START Data supplied

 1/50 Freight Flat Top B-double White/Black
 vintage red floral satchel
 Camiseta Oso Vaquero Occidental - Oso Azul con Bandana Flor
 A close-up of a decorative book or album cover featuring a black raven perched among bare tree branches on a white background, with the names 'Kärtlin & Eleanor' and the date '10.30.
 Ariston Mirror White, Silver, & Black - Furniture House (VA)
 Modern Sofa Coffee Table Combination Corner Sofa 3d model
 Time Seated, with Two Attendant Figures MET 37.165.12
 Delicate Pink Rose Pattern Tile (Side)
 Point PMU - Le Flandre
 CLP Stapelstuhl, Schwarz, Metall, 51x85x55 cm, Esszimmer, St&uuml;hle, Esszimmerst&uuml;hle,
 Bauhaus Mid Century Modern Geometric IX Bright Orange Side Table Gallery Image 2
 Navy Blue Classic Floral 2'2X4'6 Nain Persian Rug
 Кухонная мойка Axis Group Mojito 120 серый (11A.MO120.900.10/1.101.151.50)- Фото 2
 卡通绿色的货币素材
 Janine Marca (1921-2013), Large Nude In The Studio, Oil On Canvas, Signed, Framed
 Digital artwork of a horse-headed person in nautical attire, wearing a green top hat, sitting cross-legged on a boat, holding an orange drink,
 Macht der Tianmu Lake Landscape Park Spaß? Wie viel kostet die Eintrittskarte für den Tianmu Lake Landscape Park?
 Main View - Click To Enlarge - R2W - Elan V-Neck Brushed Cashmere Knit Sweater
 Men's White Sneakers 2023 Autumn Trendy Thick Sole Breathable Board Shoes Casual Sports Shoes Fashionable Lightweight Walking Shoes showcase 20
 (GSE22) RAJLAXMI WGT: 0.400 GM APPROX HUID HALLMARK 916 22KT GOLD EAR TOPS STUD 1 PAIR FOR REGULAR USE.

END Data supplied

What you are asked to do ▸
With no other words, state how many lines above hold the word "Modern".

Written solution ▸
2